401 words 2 mins read

Jon & John – Now with 100% more Ham

A long time ago, when I was but a wee little chibi, still in middle school, I was interested in Ham Radio. I checked out the book to study, even when to a local convention type thing (well I convinced my father to take me, then proceeded to key up the radios that were out for sale and annoy people in general (Editor’s note — it’s kind of his thing)). For whatever reason, I never followed through, though I think partially it had to do with the cost of the equipment and as a young child having no money. Through the sands of time, I forgot about the ham radio desires… until recently. When I started into the Disaster Prep research, I realized one of the important, but sometimes overlooked areas of disaster preparation is communications. The only logical solution for disaster communication during an emergency, assuming that power and phones are out, is Amateur Radio.

After doing this research, and remembering about my previous ham desires, I decided I would go ahead and get licensed. I bought the ARRL Ham Radio License Manual (Technician) and read that. I have to say, I recommend the book. It provides all the information you need in a clear and logical fashion, along with why you should care. It even has a bonus section on what to look for when buying your first radio (in case you don’t know anyone to help you with that). That was just over a month ago. On Friday, I went to the monthly meeting of my local amateur radio club and tested for the Technician level (which is the entry level certification).

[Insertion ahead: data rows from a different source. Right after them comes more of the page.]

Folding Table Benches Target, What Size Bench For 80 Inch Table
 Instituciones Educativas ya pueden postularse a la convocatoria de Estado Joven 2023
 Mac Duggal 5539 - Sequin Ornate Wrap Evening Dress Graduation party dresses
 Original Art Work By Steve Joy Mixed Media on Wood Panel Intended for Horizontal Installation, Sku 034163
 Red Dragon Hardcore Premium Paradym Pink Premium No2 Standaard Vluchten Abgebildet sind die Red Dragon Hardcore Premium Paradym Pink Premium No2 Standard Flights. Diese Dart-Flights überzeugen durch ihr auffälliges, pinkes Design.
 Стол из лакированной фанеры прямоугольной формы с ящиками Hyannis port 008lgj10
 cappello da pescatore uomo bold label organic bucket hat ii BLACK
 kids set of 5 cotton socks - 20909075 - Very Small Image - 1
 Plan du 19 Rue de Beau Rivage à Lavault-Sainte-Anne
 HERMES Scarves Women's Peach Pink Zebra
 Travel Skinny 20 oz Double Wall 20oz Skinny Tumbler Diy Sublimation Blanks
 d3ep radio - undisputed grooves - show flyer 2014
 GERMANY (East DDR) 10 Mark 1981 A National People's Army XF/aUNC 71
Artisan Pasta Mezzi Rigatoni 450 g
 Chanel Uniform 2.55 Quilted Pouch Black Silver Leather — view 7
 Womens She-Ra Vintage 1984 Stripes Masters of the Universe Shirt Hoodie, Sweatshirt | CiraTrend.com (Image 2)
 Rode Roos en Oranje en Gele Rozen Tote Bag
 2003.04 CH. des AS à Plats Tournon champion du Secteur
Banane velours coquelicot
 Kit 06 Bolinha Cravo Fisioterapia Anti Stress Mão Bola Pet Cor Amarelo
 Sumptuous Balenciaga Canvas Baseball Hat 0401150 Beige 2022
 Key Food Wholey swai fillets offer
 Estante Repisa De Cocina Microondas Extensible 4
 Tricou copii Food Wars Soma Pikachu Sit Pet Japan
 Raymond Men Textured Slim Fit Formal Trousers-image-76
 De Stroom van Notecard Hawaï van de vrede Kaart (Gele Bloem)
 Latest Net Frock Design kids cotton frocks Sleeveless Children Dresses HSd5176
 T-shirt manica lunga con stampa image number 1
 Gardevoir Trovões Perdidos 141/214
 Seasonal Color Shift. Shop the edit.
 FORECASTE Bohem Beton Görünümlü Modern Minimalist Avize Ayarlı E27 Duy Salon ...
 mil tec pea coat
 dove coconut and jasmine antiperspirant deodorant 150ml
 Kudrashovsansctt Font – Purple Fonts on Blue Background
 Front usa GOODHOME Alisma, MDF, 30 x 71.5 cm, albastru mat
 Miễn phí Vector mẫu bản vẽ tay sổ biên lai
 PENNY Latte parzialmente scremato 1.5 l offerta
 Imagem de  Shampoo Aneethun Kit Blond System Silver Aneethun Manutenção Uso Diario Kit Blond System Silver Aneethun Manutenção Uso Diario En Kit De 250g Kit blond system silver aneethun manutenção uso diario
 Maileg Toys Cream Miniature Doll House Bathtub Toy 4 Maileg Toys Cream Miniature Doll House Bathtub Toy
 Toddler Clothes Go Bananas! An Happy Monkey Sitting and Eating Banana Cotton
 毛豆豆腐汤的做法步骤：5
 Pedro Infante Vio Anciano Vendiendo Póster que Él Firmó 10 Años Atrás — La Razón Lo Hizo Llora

I’m pleased to announce that I passed and am now officially a ham. On Saturday morning, John attended a local testing session in his area and also passed. Not only did he pass, he 100%‘d the test, just to show me up. Unfortunately it takes about a week to get our assigned call signs, so I can’t transmit yet. I am looking forward to exploring the spectrums a bit, especially since I bought myself a shiny new radio (which I’ll be covering in a later post).

Until then, 73

Also, if you are curious as to why an Amateur radio operator is refereed to as a “ham”, you can thank Wikipedia and their article on the Etymology of ham radio. Personally I like the “Ham-fisted” story.